EXERCISE DETAILS: All of the entries are to be returned word for word.

Source data:
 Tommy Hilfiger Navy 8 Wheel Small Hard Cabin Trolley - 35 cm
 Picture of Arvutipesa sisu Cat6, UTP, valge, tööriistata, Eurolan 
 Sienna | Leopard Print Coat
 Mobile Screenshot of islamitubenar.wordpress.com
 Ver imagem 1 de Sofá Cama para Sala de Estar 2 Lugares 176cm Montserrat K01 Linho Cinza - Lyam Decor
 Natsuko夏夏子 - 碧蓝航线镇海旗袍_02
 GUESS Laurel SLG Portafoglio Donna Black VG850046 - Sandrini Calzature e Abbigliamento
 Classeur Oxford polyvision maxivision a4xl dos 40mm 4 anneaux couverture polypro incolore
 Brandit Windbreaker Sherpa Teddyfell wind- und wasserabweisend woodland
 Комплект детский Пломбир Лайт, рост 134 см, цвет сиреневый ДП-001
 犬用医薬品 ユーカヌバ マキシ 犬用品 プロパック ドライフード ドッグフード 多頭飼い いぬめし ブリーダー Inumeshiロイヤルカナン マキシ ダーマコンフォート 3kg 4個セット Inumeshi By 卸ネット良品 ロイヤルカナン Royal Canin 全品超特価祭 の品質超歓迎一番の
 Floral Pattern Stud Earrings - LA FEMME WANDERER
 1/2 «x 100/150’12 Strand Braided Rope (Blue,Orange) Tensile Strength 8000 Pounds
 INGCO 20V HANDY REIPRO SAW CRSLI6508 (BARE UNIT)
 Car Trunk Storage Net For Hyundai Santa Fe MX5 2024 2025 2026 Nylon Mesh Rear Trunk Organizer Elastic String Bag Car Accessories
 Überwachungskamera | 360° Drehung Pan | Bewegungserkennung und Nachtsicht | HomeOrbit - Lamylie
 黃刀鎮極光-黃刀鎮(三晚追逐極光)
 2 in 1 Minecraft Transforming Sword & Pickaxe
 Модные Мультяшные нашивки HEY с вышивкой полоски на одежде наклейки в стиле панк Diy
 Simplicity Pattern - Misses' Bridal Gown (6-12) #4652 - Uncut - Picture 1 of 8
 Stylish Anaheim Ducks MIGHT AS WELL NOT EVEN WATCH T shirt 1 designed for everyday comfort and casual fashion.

ANSWER TO THIS TASK:
 Tommy Hilfiger Navy 8 Wheel Small Hard Cabin Trolley - 35 cm
 Picture of Arvutipesa sisu Cat6, UTP, valge, tööriistata, Eurolan 
 Sienna | Leopard Print Coat
 Mobile Screenshot of islamitubenar.wordpress.com
 Ver imagem 1 de Sofá Cama para Sala de Estar 2 Lugares 176cm Montserrat K01 Linho Cinza - Lyam Decor
 Natsuko夏夏子 - 碧蓝航线镇海旗袍_02
 GUESS Laurel SLG Portafoglio Donna Black VG850046 - Sandrini Calzature e Abbigliamento
 Classeur Oxford polyvision maxivision a4xl dos 40mm 4 anneaux couverture polypro incolore
 Brandit Windbreaker Sherpa Teddyfell wind- und wasserabweisend woodland
 Комплект детский Пломбир Лайт, рост 134 см, цвет сиреневый ДП-001
 犬用医薬品 ユーカヌバ マキシ 犬用品 プロパック ドライフード ドッグフード 多頭飼い いぬめし ブリーダー Inumeshiロイヤルカナン マキシ ダーマコンフォート 3kg 4個セット Inumeshi By 卸ネット良品 ロイヤルカナン Royal Canin 全品超特価祭 の品質超歓迎一番の
 Floral Pattern Stud Earrings - LA FEMME WANDERER
 1/2 «x 100/150’12 Strand Braided Rope (Blue,Orange) Tensile Strength 8000 Pounds
 INGCO 20V HANDY REIPRO SAW CRSLI6508 (BARE UNIT)
 Car Trunk Storage Net For Hyundai Santa Fe MX5 2024 2025 2026 Nylon Mesh Rear Trunk Organizer Elastic String Bag Car Accessories
 Überwachungskamera | 360° Drehung Pan | Bewegungserkennung und Nachtsicht | HomeOrbit - Lamylie
 黃刀鎮極光-黃刀鎮(三晚追逐極光)
 2 in 1 Minecraft Transforming Sword & Pickaxe
 Модные Мультяшные нашивки HEY с вышивкой полоски на одежде наклейки в стиле панк Diy
 Simplicity Pattern - Misses' Bridal Gown (6-12) #4652 - Uncut - Picture 1 of 8
 Stylish Anaheim Ducks MIGHT AS WELL NOT EVEN WATCH T shirt 1 designed for everyday comfort and casual fashion.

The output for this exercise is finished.